───── Record extracts ─────
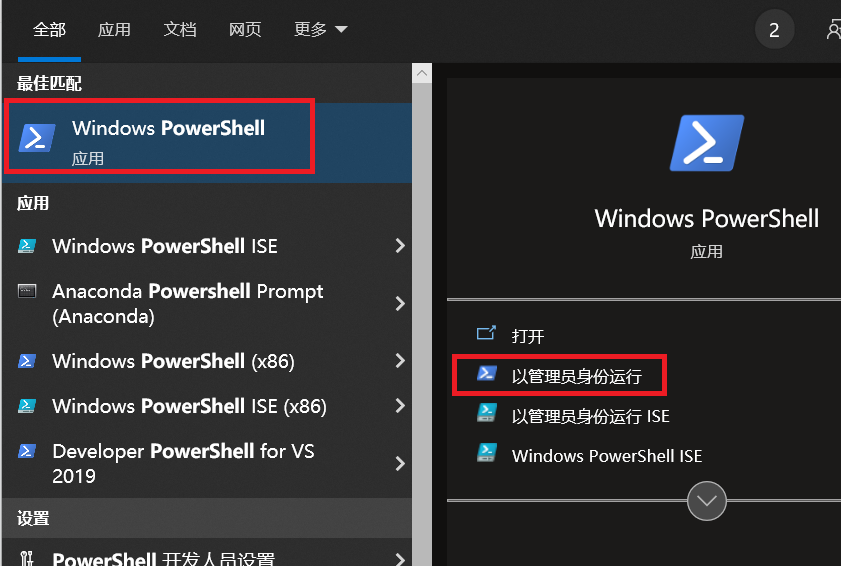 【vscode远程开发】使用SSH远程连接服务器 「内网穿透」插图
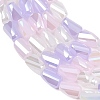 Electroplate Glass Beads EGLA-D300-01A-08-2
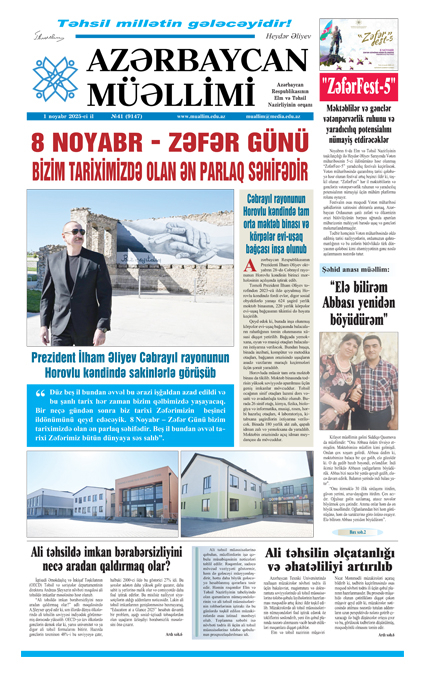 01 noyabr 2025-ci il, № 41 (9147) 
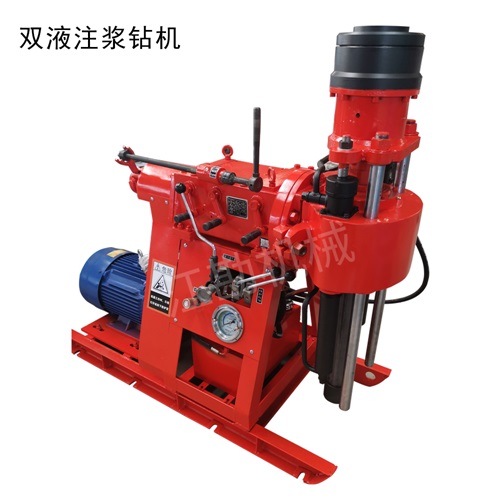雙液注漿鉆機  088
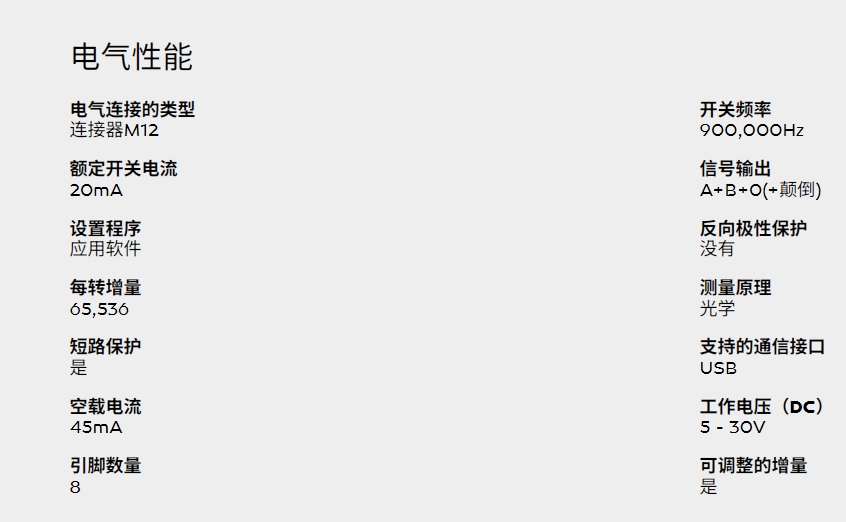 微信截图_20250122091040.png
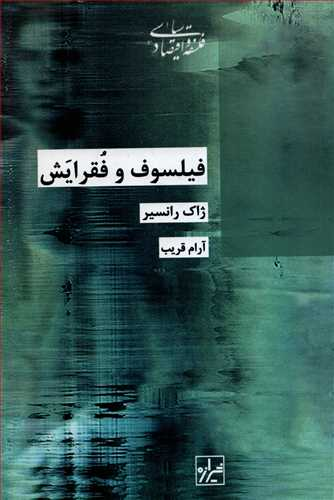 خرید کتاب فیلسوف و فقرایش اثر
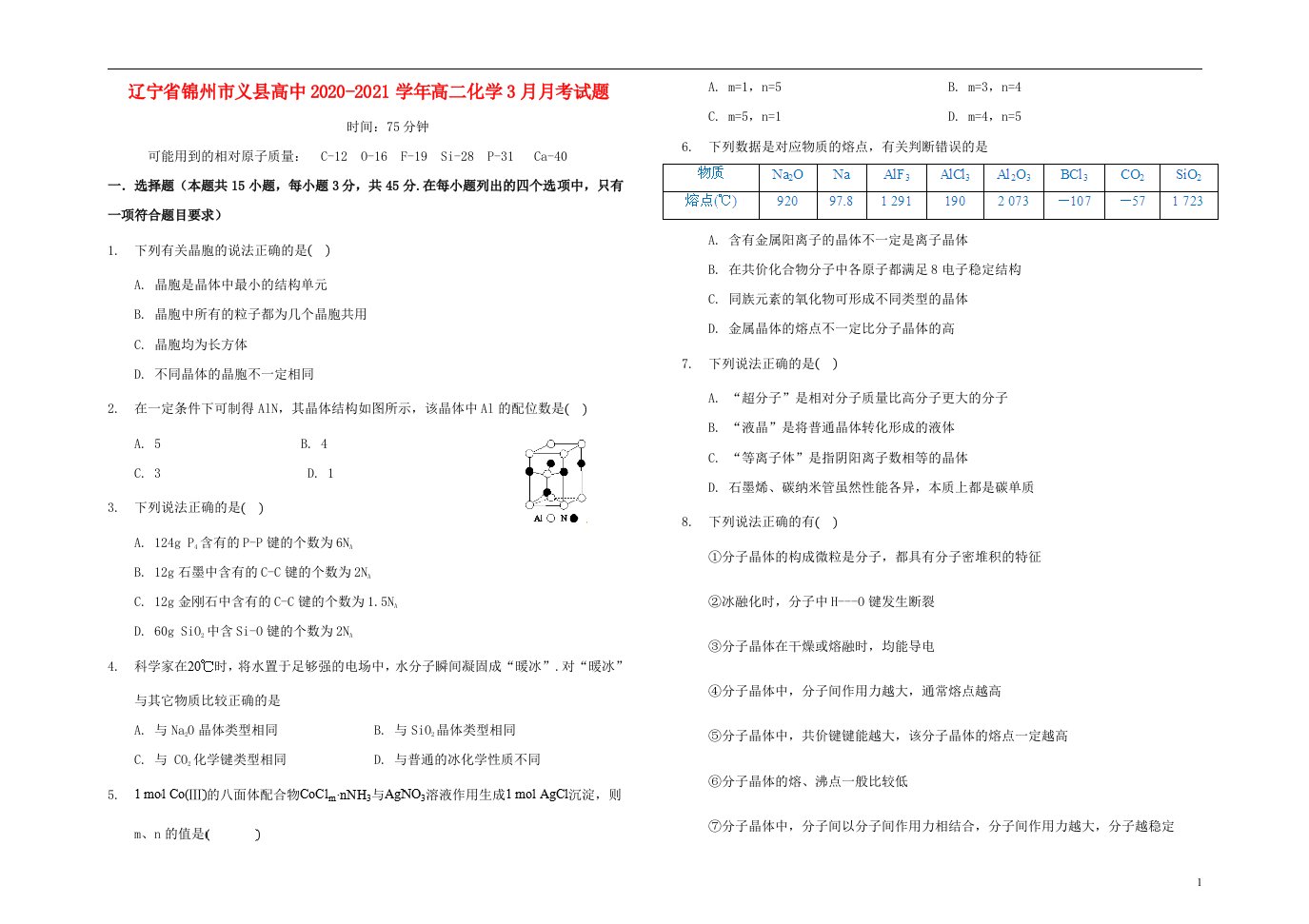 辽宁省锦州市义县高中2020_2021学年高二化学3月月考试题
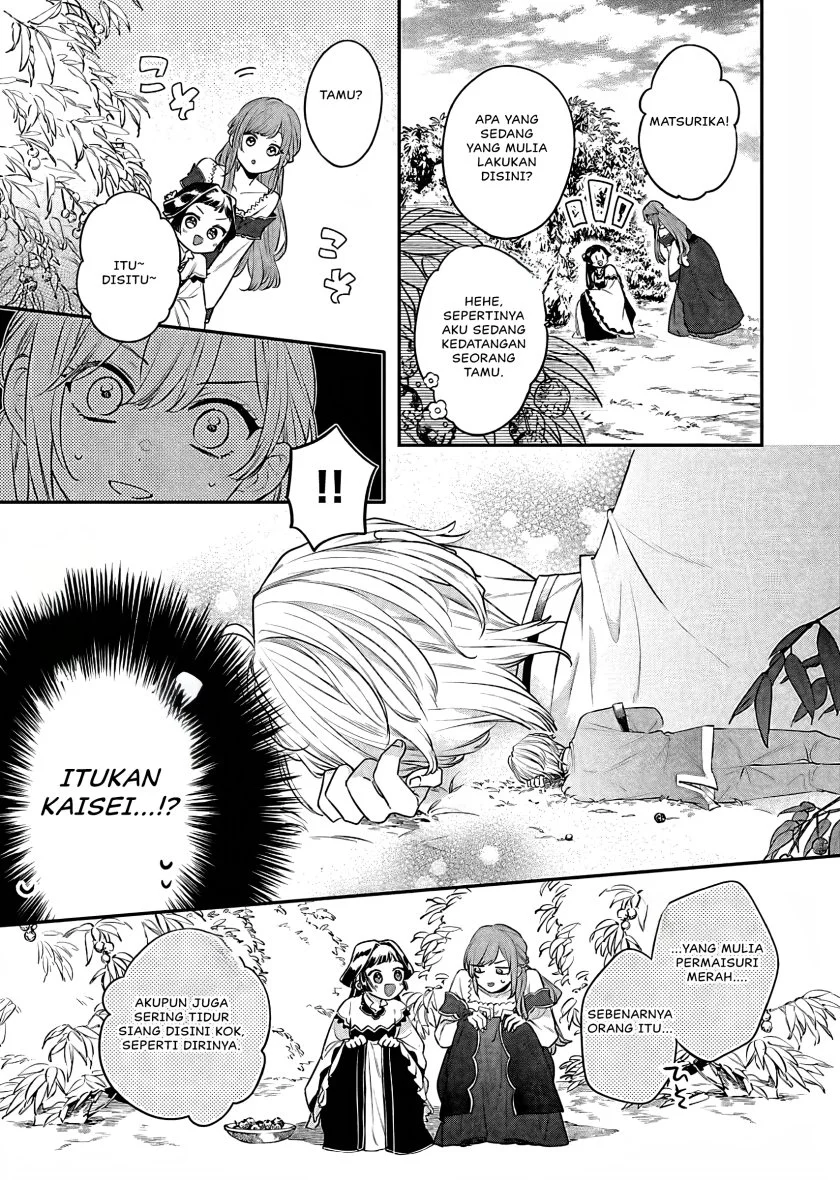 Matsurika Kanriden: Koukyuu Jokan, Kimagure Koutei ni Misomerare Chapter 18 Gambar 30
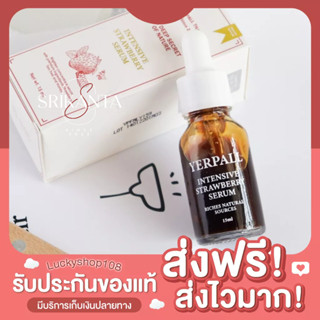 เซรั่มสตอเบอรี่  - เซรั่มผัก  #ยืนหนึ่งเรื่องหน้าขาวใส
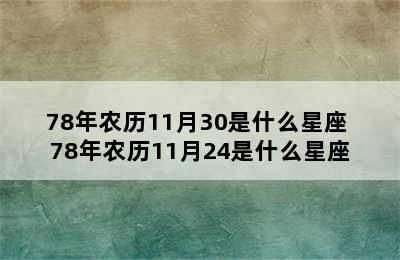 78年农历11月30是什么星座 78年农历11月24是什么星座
─────
The task:
Output the records exactly, and let none of their pictures appear in the copy.

Worked solution:
 【vscode远程开发】使用SSH远程连接服务器 「内网穿透」插图
 Electroplate Glass Beads EGLA-D300-01A-08-2
 01 noyabr 2025-ci il, № 41 (9147) 
雙液注漿鉆機  088
 微信截图_20250122091040.png
 خرید کتاب فیلسوف و فقرایش اثر
 辽宁省锦州市义县高中2020_2021学年高二化学3月月考试题
 Matsurika Kanriden: Koukyuu Jokan, Kimagure Koutei ni Misomerare Chapter 18 Gambar 30
 เซรั่มสตอเบอรี่  - เซรั่มผัก  #ยืนหนึ่งเรื่องหน้าขาวใส
 78年农历11月30是什么星座 78年农历11月24是什么星座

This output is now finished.